* _WHAT TO DO_:
Would you copy the records exactly, leaving the pictures out?

◆ ◆ ◆ ◆

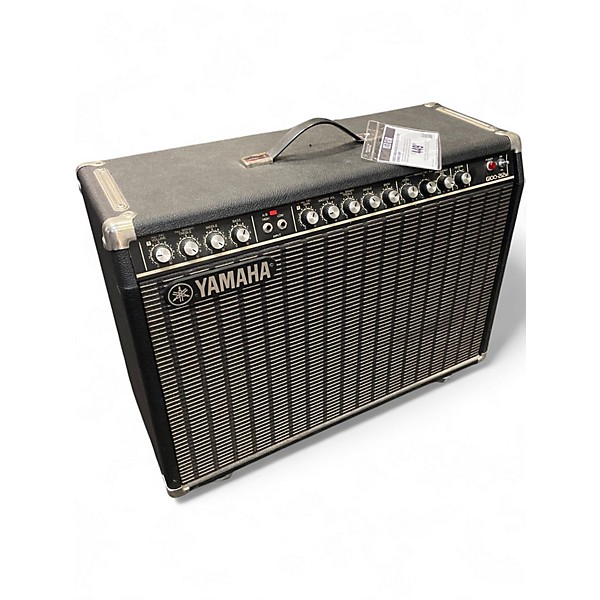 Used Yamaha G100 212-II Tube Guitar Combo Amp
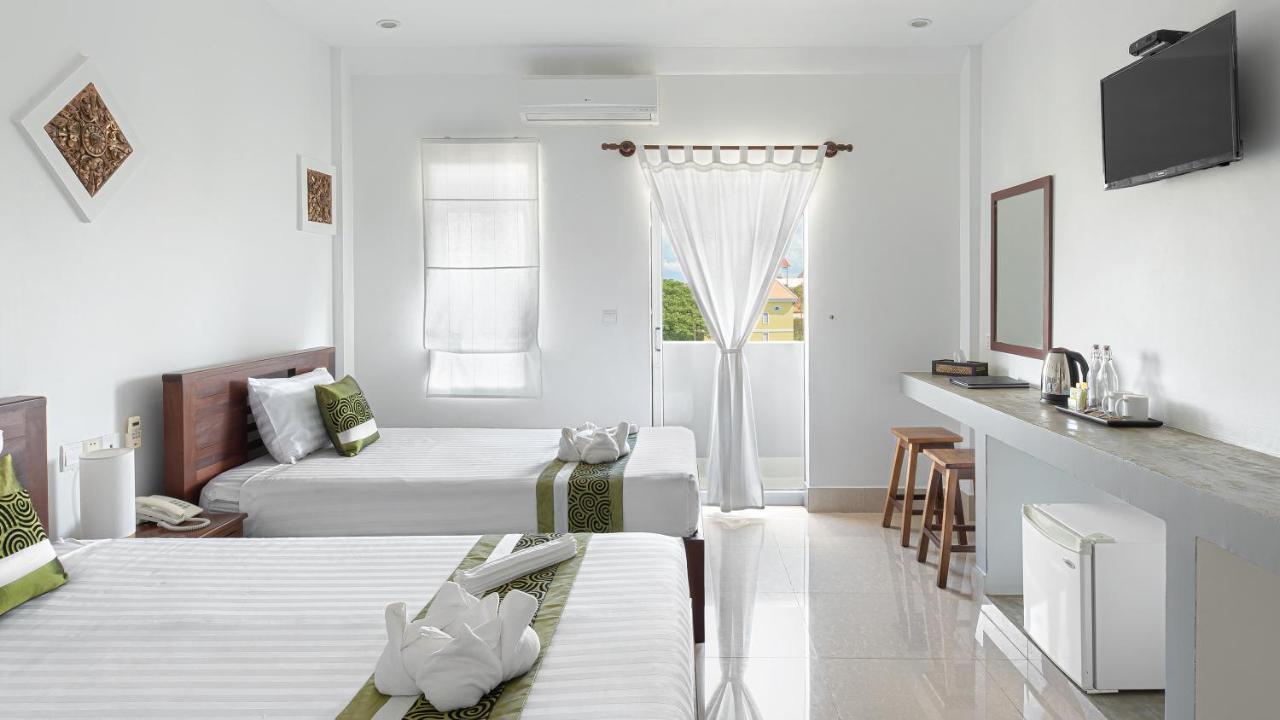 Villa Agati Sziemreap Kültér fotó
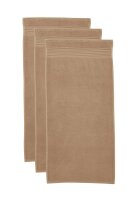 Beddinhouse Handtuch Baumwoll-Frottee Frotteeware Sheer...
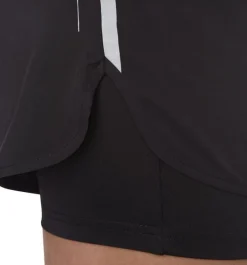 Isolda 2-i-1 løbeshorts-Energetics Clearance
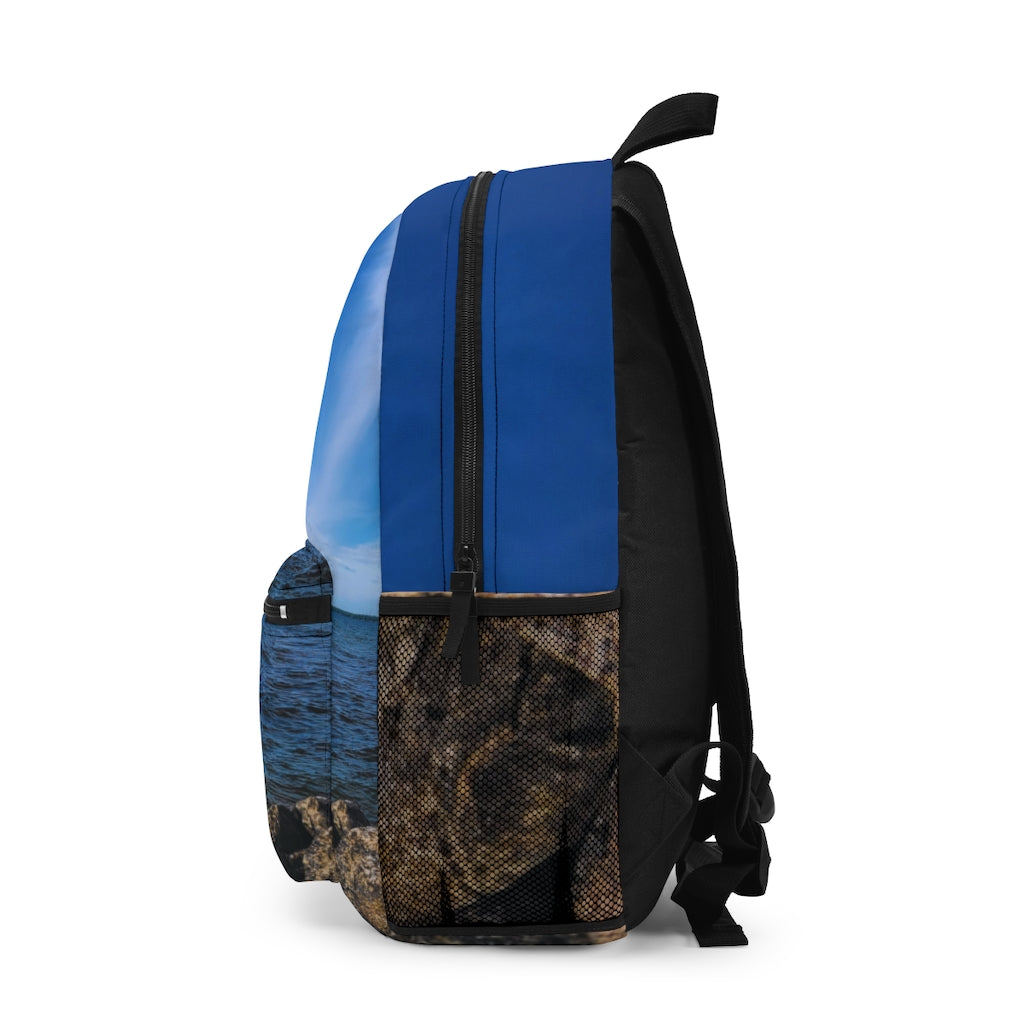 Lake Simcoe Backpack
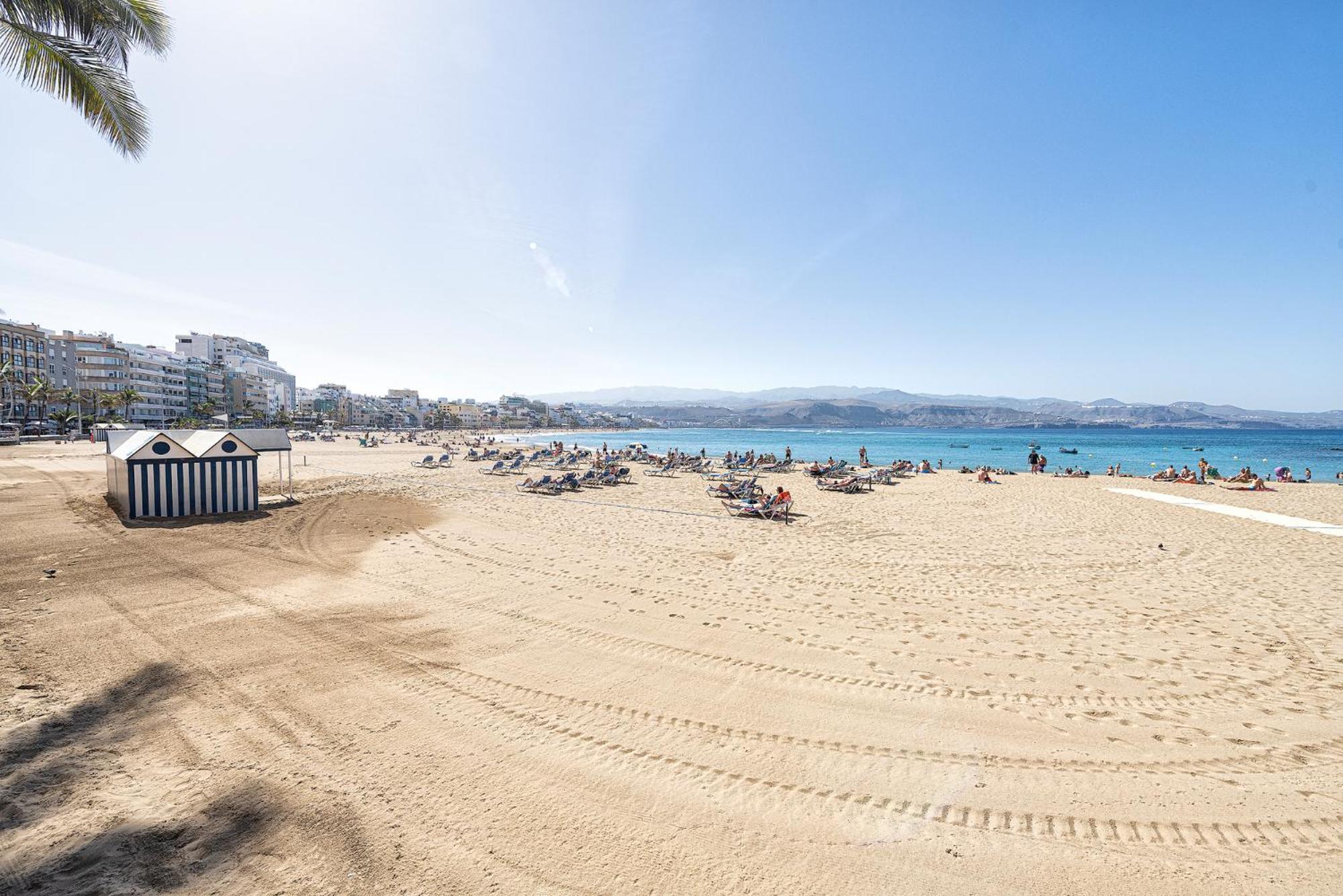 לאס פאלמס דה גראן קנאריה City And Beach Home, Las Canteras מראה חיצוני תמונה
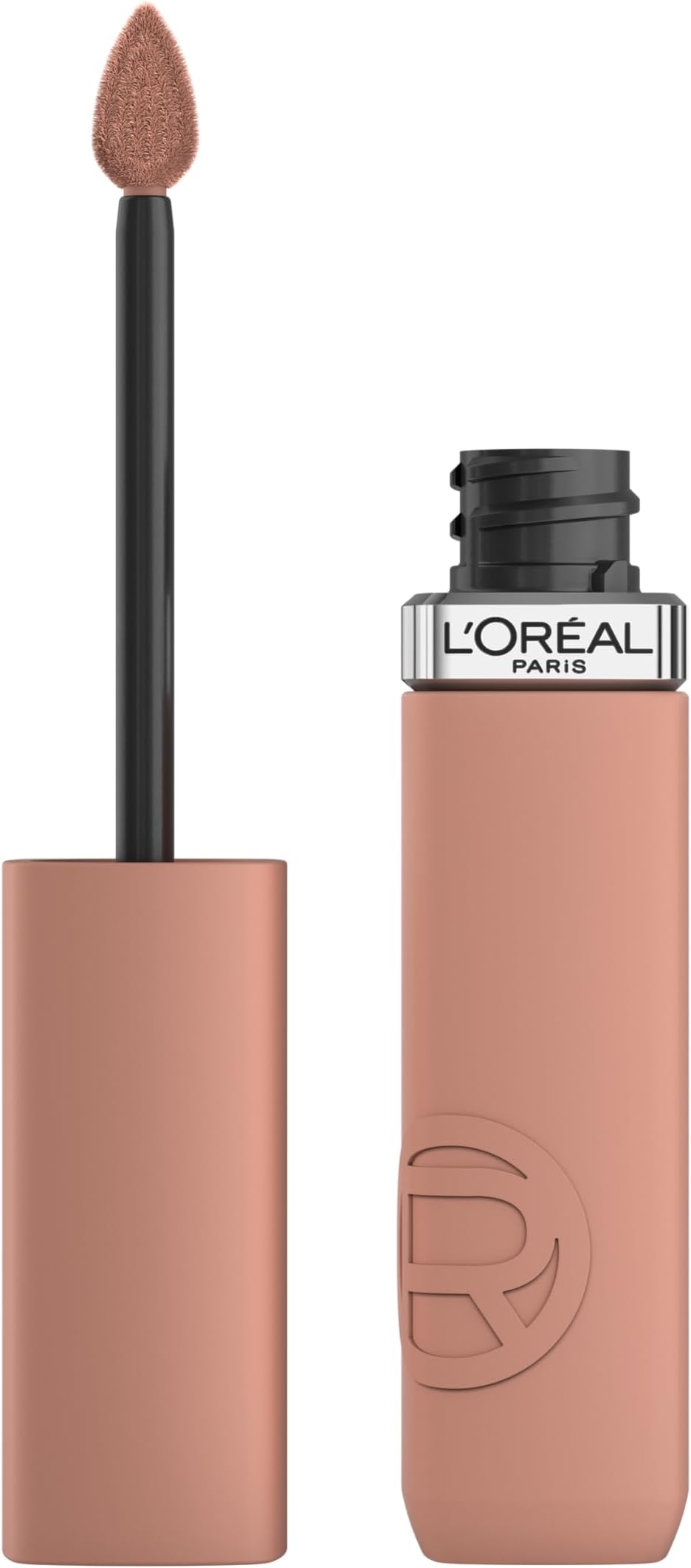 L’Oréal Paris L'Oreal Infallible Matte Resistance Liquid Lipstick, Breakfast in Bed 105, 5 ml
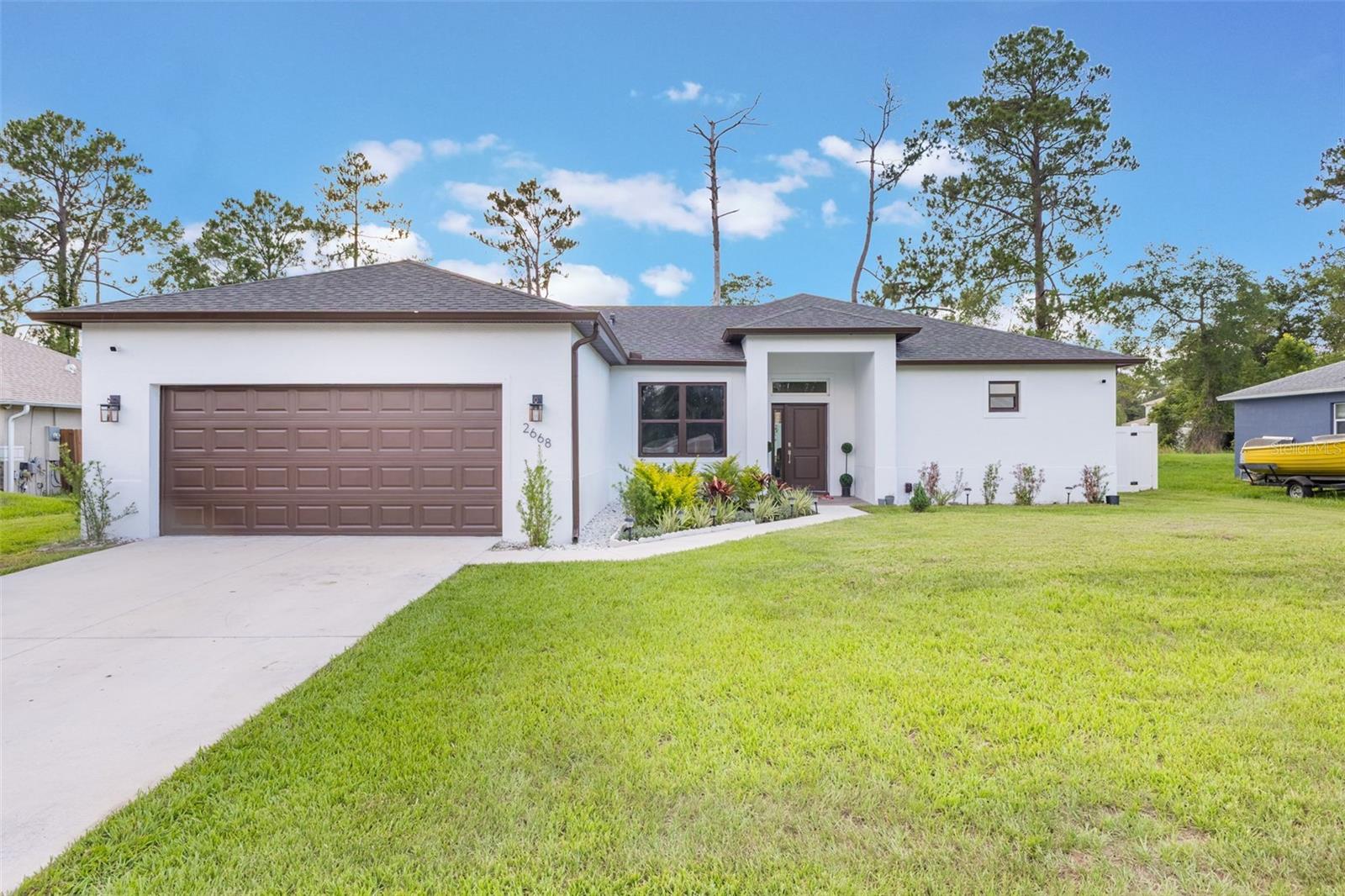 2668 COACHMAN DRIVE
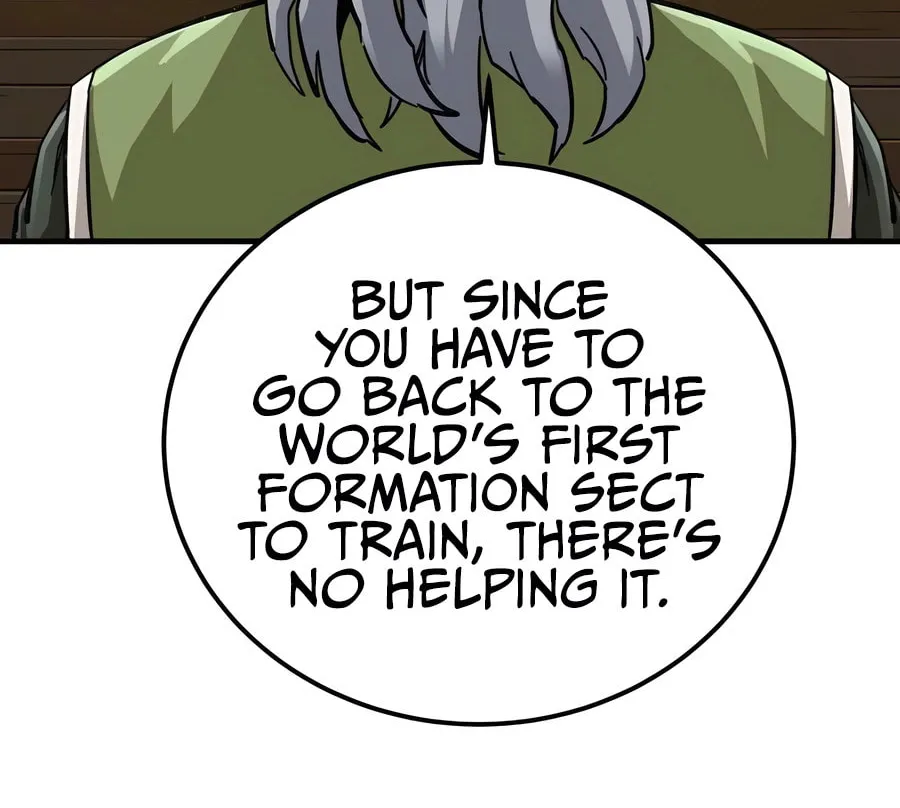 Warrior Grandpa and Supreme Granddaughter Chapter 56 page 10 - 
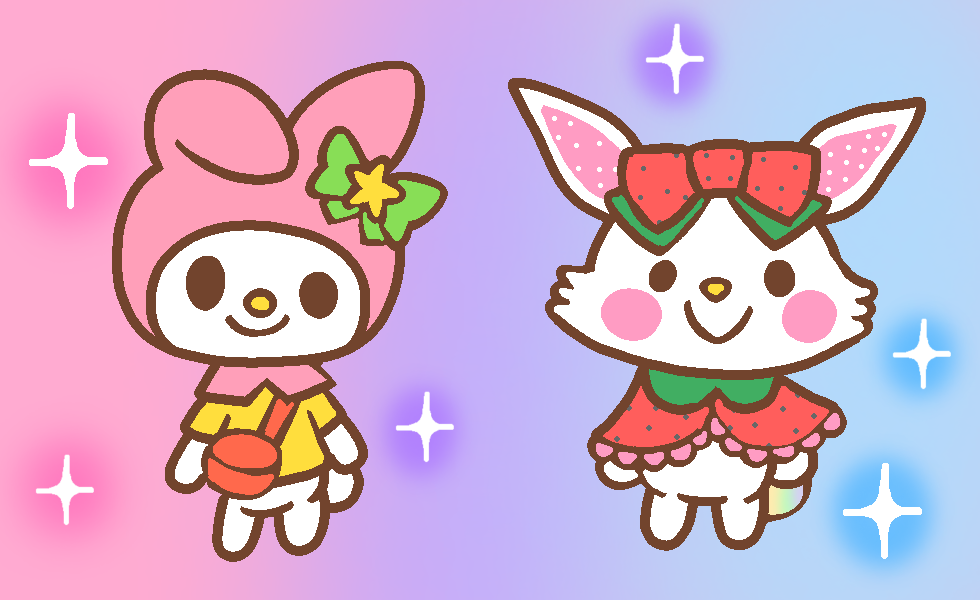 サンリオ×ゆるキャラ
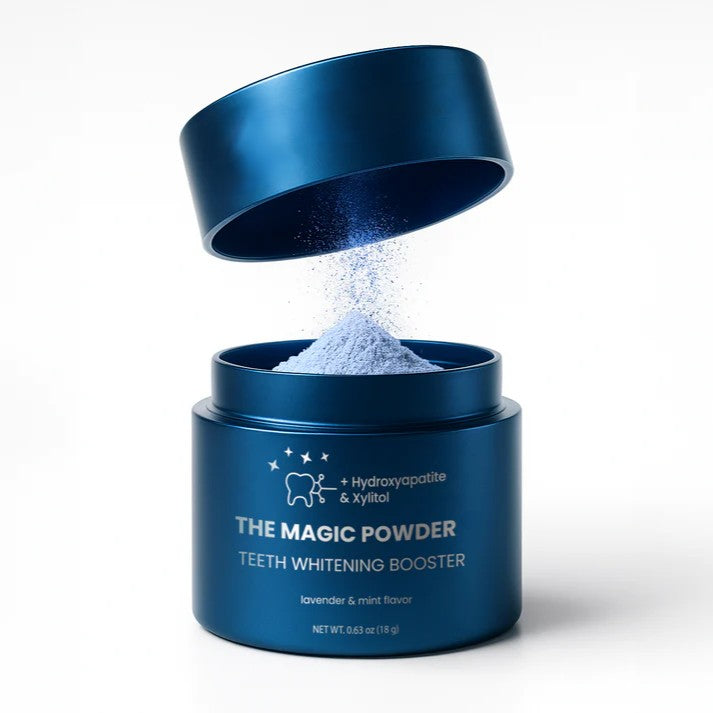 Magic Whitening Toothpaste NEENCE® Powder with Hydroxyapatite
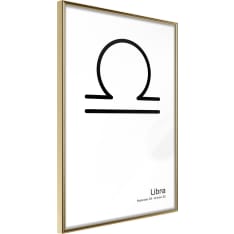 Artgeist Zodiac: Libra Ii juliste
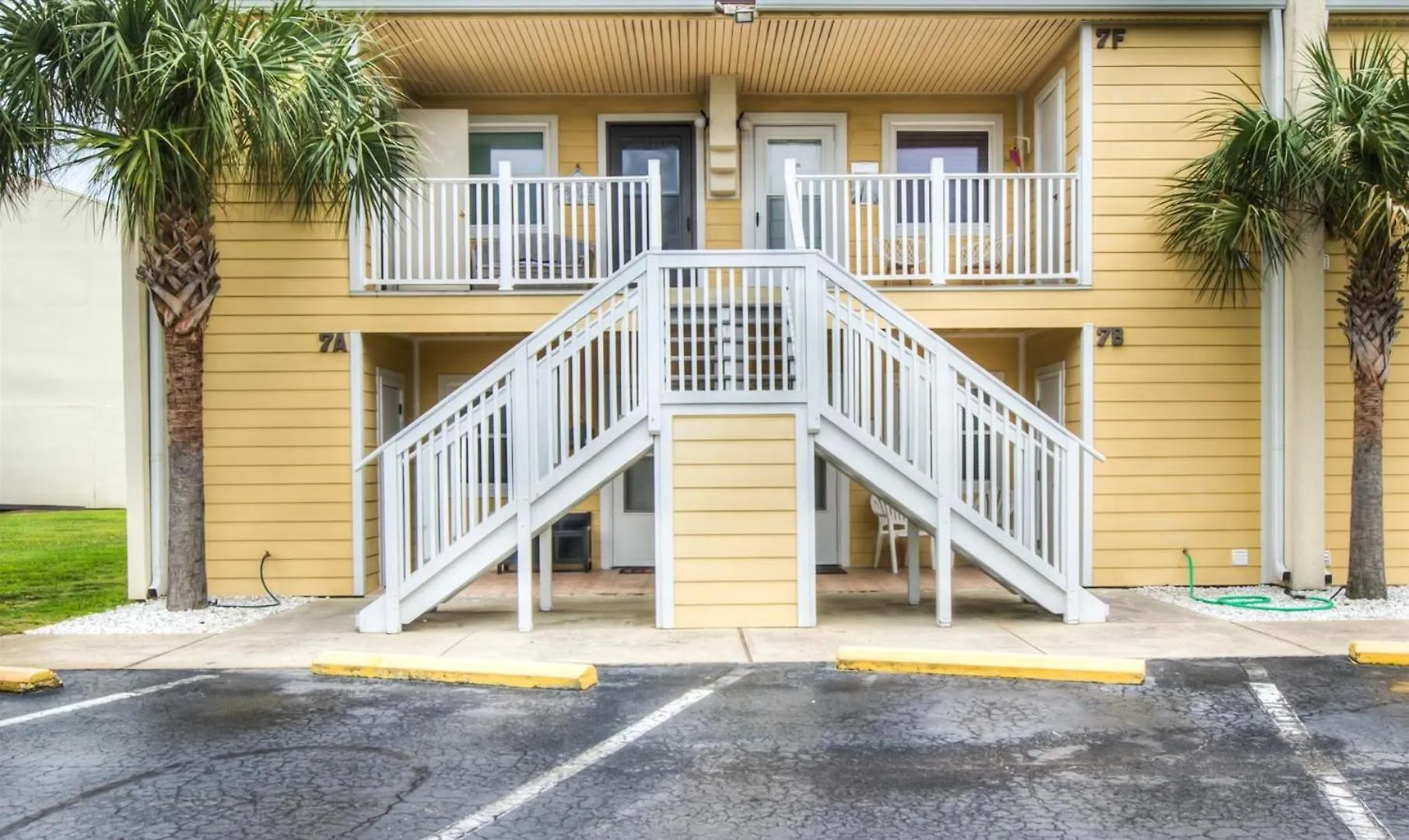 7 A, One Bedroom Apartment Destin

◆ ◆ ◆ ◆

* _ANSWER SECTION_:
 Used Yamaha G100 212-II Tube Guitar Combo Amp
 Villa Agati Sziemreap Kültér fotó
 Beddinhouse Handtuch Baumwoll-Frottee Frotteeware Sheer...
 Isolda 2-i-1 løbeshorts-Energetics Clearance
 Lake Simcoe Backpack
 לאס פאלמס דה גראן קנאריה City And Beach Home, Las Canteras מראה חיצוני תמונה
 L’Oréal Paris L'Oreal Infallible Matte Resistance Liquid Lipstick, Breakfast in Bed 105, 5 ml
 2668 COACHMAN DRIVE
 Warrior Grandpa and Supreme Granddaughter Chapter 56 page 10 - 
 サンリオ×ゆるキャラ
 Magic Whitening Toothpaste NEENCE® Powder with Hydroxyapatite
 Artgeist Zodiac: Libra Ii juliste
 7 A, One Bedroom Apartment Destin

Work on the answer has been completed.